Before you begin, you will need to follow the build instructions to get Nvidia Digits running on your computer. I recommend that you use Ubuntu, otherwise you will have to go through a lot of annoying installations to get this working on Windows. Also, you will need to have a Nvidia GPU. While training on your CPU is possible, it will take significantly longer to complete.
You will first need a dataset to work with. You can find your own images or use an existing dataset like this one. Just make sure that you have a top-level folder and each of your categories in a sub-folder. For example, I have a top level folder named things. I then have two folders in that folder. One folder named planes (containing all my images of planes) and another one named helicopters (containing all my images of helicopters).
Begin by starting Digits and opening your browser to localhost:5000. We will start with building a dataset that can be used with your models. Go to the tab that says dataset and chooses a new classification.
The neat thing about Nvidia digits is that it takes care of sizing your images to the appropriate size and color scheme that the network requires.
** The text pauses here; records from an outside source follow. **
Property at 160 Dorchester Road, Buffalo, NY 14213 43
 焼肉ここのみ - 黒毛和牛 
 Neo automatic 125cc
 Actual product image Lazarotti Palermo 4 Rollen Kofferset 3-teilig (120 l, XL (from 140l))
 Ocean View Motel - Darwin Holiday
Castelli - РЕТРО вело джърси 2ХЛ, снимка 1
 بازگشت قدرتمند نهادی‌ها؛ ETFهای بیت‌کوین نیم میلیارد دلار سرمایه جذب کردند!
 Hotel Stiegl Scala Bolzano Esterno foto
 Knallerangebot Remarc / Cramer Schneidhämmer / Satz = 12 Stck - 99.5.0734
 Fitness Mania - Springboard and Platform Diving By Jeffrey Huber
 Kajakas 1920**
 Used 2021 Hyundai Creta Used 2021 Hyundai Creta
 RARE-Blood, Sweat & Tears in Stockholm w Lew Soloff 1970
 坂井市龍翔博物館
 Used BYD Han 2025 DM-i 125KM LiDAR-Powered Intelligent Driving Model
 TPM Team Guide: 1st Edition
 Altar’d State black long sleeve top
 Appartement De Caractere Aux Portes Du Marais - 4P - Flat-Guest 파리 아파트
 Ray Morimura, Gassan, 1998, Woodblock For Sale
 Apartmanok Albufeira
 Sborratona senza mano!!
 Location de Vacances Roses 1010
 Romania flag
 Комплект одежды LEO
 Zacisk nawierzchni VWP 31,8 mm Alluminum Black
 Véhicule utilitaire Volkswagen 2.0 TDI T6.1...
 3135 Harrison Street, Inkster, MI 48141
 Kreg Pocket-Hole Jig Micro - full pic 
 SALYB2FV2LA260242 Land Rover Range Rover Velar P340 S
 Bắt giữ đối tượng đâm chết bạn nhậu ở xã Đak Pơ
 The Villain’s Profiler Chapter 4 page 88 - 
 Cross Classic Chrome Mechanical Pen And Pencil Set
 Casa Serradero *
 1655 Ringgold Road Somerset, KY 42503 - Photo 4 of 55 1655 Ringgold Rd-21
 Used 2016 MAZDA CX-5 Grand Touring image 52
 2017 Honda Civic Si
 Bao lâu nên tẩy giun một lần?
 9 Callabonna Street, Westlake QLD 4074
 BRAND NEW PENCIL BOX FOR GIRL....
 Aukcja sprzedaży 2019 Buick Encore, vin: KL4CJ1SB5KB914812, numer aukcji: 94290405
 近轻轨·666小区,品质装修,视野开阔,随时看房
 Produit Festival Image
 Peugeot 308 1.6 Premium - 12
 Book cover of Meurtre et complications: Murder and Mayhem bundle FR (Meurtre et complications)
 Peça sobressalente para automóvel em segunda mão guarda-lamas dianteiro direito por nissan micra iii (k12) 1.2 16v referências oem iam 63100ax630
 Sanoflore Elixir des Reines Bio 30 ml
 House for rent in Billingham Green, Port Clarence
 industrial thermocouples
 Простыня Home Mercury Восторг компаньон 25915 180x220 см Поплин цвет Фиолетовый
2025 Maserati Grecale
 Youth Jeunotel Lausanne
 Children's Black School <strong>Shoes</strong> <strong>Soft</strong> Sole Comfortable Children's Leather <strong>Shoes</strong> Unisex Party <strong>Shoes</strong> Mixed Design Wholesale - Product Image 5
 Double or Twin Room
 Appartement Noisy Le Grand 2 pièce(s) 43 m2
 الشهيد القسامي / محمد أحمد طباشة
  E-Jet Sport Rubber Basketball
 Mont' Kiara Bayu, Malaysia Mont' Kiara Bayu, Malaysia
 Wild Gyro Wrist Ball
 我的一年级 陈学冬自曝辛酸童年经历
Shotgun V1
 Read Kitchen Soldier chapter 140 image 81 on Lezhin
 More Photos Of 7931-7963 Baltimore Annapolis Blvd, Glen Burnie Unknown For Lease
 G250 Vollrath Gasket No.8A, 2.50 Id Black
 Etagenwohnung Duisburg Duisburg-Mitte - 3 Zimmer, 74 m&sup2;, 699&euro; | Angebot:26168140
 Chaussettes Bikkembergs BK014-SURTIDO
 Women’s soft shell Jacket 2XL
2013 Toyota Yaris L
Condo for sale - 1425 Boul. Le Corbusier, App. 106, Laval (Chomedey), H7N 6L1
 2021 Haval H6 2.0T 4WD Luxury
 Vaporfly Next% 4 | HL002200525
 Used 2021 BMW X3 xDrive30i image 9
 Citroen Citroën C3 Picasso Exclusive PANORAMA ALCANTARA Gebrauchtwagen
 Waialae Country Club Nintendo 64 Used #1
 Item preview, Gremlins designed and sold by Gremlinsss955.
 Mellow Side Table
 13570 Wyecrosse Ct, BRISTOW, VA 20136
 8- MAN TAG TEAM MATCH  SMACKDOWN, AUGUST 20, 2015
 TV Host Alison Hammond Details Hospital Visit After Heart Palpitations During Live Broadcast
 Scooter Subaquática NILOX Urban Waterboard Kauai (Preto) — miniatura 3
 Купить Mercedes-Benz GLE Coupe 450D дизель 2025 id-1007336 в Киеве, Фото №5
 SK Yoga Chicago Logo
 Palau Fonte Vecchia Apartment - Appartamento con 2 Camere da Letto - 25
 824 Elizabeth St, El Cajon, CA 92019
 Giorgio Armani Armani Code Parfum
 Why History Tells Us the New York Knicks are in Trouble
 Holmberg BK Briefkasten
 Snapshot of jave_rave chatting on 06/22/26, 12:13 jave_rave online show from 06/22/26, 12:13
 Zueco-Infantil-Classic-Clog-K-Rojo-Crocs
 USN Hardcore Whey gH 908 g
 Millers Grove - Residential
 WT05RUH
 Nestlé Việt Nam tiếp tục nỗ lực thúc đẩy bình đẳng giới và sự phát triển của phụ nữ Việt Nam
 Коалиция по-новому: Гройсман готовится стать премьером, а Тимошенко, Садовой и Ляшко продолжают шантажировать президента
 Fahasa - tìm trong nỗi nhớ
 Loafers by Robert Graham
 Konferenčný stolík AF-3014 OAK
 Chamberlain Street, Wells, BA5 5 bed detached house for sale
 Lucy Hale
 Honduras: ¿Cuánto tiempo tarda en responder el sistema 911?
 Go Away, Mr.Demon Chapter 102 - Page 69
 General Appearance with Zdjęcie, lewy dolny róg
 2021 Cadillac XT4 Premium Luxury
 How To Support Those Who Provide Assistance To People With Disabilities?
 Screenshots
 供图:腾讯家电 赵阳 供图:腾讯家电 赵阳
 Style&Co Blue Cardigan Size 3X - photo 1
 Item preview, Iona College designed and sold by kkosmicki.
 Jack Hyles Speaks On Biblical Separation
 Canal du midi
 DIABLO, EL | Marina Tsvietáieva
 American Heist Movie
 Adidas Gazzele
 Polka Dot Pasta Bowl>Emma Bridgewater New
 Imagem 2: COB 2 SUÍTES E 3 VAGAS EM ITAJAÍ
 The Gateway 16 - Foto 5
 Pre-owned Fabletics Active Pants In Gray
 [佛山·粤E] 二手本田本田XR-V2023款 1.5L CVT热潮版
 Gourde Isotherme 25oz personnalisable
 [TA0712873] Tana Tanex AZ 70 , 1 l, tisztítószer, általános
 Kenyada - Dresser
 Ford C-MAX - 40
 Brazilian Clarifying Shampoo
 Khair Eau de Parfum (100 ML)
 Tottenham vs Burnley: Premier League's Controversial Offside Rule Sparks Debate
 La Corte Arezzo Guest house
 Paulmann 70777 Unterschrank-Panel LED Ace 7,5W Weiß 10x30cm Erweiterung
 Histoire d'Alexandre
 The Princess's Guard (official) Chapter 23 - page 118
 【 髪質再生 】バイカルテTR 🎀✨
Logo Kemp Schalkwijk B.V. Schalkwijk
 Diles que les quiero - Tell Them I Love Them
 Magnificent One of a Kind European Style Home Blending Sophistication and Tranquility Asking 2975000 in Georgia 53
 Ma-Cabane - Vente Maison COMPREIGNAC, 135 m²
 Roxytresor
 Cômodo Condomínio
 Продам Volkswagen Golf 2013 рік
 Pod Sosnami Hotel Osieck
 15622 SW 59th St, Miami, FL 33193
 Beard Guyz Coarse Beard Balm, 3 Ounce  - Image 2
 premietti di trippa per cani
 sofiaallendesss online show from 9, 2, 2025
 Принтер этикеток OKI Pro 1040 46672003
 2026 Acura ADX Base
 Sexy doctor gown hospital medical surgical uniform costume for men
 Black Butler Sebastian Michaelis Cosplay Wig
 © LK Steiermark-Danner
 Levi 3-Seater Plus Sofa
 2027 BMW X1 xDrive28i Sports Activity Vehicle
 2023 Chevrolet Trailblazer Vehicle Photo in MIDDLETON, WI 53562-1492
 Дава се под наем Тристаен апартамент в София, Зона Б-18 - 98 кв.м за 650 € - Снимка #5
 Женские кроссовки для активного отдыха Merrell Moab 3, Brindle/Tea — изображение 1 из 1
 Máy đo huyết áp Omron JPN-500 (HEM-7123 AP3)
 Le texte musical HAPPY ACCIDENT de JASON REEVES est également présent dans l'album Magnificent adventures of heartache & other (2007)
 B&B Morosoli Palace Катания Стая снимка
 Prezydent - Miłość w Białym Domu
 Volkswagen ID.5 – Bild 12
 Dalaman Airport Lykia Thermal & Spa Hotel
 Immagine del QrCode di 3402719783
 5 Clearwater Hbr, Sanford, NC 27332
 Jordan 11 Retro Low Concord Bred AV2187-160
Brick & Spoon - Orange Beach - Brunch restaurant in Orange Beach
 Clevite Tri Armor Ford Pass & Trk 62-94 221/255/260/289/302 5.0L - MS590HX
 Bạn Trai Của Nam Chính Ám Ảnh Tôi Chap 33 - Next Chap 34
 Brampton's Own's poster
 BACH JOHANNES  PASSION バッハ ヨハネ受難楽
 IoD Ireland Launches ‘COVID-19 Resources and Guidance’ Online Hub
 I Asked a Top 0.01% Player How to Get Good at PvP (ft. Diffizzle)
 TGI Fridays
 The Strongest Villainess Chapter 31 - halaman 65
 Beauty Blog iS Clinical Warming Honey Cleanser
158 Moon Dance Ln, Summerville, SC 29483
Set the transform options to fill if your images are smaller than the 256×256 dimension, otherwise, select crop or squash. Then select the top level folder which contains all the other sub-folders of the images you want to classify. Finally, name your dataset and select create.
Training the Model
After you create your dataset, select the tab that says _Models _and create a new classification model.
First, select the dataset that you created in the previous step. You might also want to adjust the learning rate to 0.001 if you find that your network’s loss rate is extremely high. Also, set the batch size to some value between 1-10 if you plan to use the GoogleNet. If you keep it at the default size with the GoogleNet, you will most likely run out of GPU memory unless you are using multiple GPUS. Finally, give your model a name and select create.
The training on your model will begin. Depending on your computer’s hardware, this could take awhile. When it’s done, test the network with an image that you did not train it with and see if the output is as expected.